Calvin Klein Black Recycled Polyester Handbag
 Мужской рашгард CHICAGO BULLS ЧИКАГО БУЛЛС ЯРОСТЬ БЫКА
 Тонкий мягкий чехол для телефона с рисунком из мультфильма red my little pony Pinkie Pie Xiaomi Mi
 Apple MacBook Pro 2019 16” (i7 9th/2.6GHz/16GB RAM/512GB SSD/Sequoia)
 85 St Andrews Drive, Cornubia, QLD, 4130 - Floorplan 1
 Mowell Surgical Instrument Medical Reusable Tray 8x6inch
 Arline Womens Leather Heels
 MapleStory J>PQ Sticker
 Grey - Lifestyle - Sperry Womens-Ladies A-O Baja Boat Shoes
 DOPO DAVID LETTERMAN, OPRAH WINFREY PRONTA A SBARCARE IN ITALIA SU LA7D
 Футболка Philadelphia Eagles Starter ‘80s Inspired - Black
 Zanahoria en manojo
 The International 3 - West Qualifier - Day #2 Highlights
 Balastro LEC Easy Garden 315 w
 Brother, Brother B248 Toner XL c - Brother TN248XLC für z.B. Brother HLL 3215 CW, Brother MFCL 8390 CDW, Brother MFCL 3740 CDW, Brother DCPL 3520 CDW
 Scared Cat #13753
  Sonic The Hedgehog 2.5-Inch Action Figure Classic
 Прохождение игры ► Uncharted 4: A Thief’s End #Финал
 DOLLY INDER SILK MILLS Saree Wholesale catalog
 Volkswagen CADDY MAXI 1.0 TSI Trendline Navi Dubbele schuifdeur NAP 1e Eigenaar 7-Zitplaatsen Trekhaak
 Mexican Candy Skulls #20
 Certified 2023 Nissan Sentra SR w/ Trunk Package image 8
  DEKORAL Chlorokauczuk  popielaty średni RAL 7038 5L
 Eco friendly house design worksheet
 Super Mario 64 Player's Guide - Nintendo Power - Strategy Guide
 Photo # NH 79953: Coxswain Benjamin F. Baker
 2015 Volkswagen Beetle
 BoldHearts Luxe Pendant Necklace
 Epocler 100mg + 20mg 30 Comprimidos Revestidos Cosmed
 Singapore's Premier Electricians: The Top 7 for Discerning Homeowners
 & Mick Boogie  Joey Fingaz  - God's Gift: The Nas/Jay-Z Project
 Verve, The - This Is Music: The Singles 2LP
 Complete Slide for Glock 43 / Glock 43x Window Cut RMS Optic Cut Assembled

==*==

● **Exercise objective**:
With the line containing "Mowell Surgical Instrument" as the first and the final line of the entries above as the last, write out that span exactly and nothing more.

● **Task answer**:
 Mowell Surgical Instrument Medical Reusable Tray 8x6inch
 Arline Womens Leather Heels
 MapleStory J>PQ Sticker
 Grey - Lifestyle - Sperry Womens-Ladies A-O Baja Boat Shoes
 DOPO DAVID LETTERMAN, OPRAH WINFREY PRONTA A SBARCARE IN ITALIA SU LA7D
 Футболка Philadelphia Eagles Starter ‘80s Inspired - Black
 Zanahoria en manojo
 The International 3 - West Qualifier - Day #2 Highlights
 Balastro LEC Easy Garden 315 w
 Brother, Brother B248 Toner XL c - Brother TN248XLC für z.B. Brother HLL 3215 CW, Brother MFCL 8390 CDW, Brother MFCL 3740 CDW, Brother DCPL 3520 CDW
 Scared Cat #13753
  Sonic The Hedgehog 2.5-Inch Action Figure Classic
 Прохождение игры ► Uncharted 4: A Thief’s End #Финал
 DOLLY INDER SILK MILLS Saree Wholesale catalog
 Volkswagen CADDY MAXI 1.0 TSI Trendline Navi Dubbele schuifdeur NAP 1e Eigenaar 7-Zitplaatsen Trekhaak
 Mexican Candy Skulls #20
 Certified 2023 Nissan Sentra SR w/ Trunk Package image 8
  DEKORAL Chlorokauczuk  popielaty średni RAL 7038 5L
 Eco friendly house design worksheet
 Super Mario 64 Player's Guide - Nintendo Power - Strategy Guide
 Photo # NH 79953: Coxswain Benjamin F. Baker
 2015 Volkswagen Beetle
 BoldHearts Luxe Pendant Necklace
 Epocler 100mg + 20mg 30 Comprimidos Revestidos Cosmed
 Singapore's Premier Electricians: The Top 7 for Discerning Homeowners
 & Mick Boogie  Joey Fingaz  - God's Gift: The Nas/Jay-Z Project
 Verve, The - This Is Music: The Singles 2LP
 Complete Slide for Glock 43 / Glock 43x Window Cut RMS Optic Cut Assembled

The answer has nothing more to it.